Tata Sons will probably have to make arrangements to deal with INR26 billion rupees (USD326 million) in accumulated losses at AirAsia India (Bengaluru International), a carrier it is seeking to absorb into another of its subsidiaries Air India (AI, Delhi International) by merging it with Air India Express (IX, Delhi International), sources told the Economic Times on August 24.

It was revealed recently that losses at both AirAsia India and a fourth Tata-owned carrier, Vistara (Delhi International), widened for the full year ending March 31, with AirAsia India’s annual loss ballooning 42% to INR21.8 billion (USD273 million) despite rising revenue. An auditor’s report has subsequently cast doubt on AirAsia India as a going concern, saying its net worth has been fully eroded and its liabilities now exceed current assets.

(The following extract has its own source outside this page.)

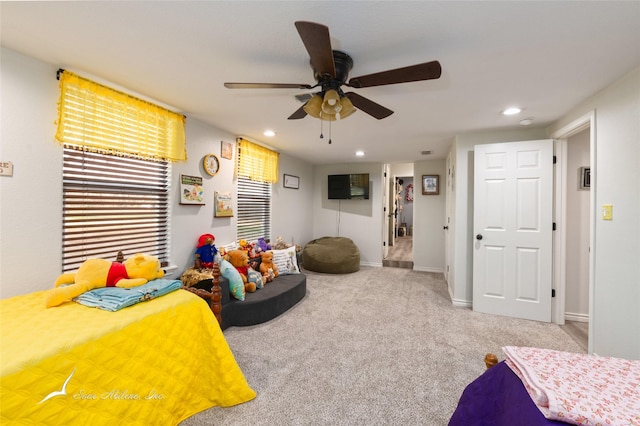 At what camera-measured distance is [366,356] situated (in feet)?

After conglomerate Tata Sons bought a 100% shareholding in Air India in January, in April it asked for antitrust approval to merge the two low-cost carriers. Tata still has an 83.67% stake in AirAsia India, with AirAsia Investment Ltd, part of Malaysia’s Capital A (formerly AirAsia Group), holding the remaining 16.33%.

Officials close to the matter have said that no decision has been taken on whether the AirAsia India debt write-off will be included in the balance sheet of Tata Sons or Air India. The conglomerate has not commented on the developments, but top executives told the Economic Times that Tata had already started work on an AirAsia India-Air India Express merger.

One source involved in Indian tax law told the newspaper that “in mergers between two companies in a group, if one of the companies’ liabilities exceed its assets, the group has to make provisions for impairment in the value of its investments if it is permanent, as per the applicable accounting standards.” Another opined that “the 'going concern' comment in the auditors’ report may need to be independently tested in the new scenario of a merged entity of AirAsia India and Air India Express.”